Seriously, I don’t think I have a single positive thing to say about the last 10 years except that smoking weed has gotten better. Maybe it’s part of our fearless government’s plan: to allow us to consume more cannabis based on how fucked up and crazy shit gets. They’re like, Okay … today we’re announcing that aliens are real, that all humans were crossbred between extraterrestrials and apes, and your whole existence is a random space experiment. Wanna legalize edibles in Kansas?

It still feels surreal to walk into a store, look at a menu, and pick out a preferred strain. After buying weed the old way, I feel spoiled, like a boomer trying to explain the old days to their kids. We didn’t have a dispensary! We’d go to the Chili’s parking lot and wait for a guy named Fat Kyle; he’d text us he was 20 minutes away, and then 20 minutes later he’d text us again and say he was 30 minutes away.
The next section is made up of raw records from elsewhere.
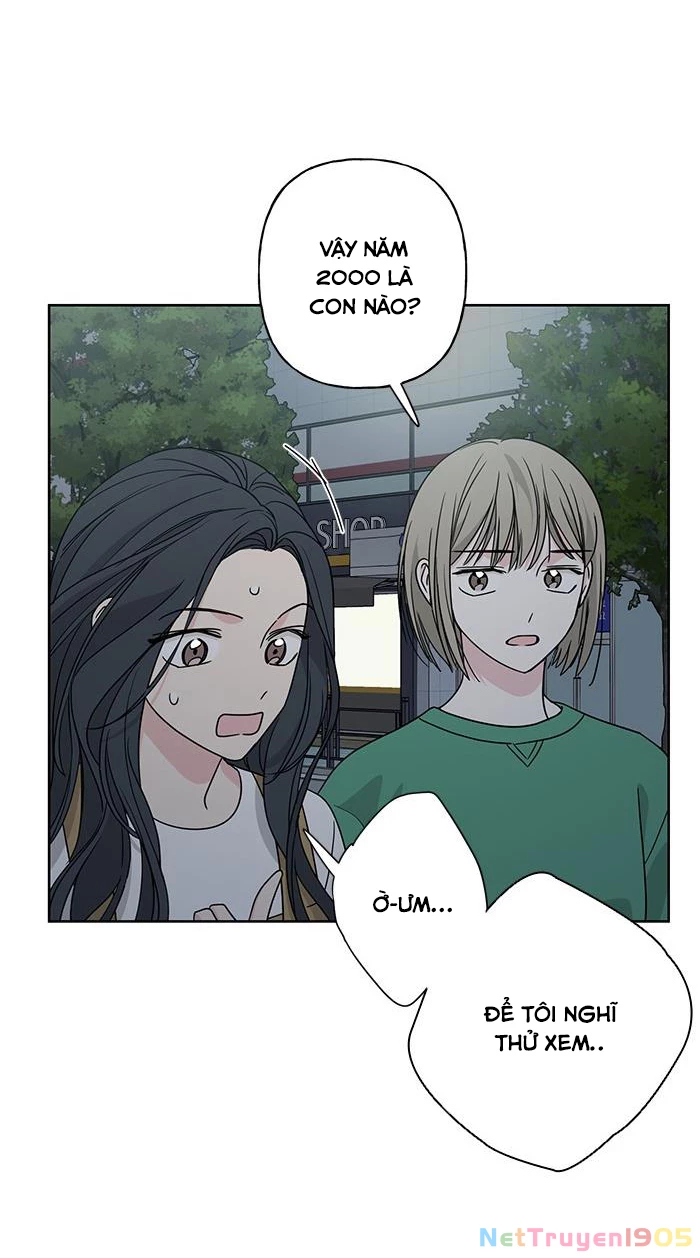 Mẹ Ơi, Con Xin Lỗi! Chapter 33 - 33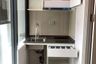 1 Bedroom Condo for sale in The Tree Hua Mak, Hua Mak, Bangkok near Airport Rail Link Hua Mak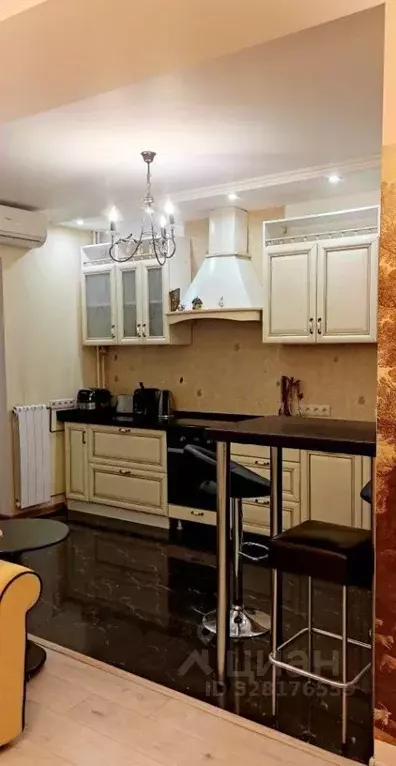 3-к кв. Московская область, Одинцовский городской округ, ... - Фото 1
And we didn’t complain!No matter how crazy the rest of the world gets, the cannabis community can find solace in all the wins in recent years, as well as the ones to come. No matter what happens next November, you’re legally allowed to put weed in a bong and smoke it. Even if the aliens enslave the human race, we can still pass them a joint. I bet they’d say, These monkeys aren’t good for anything but war and greed. Total failed experiment. Their weed, though? Real good shit.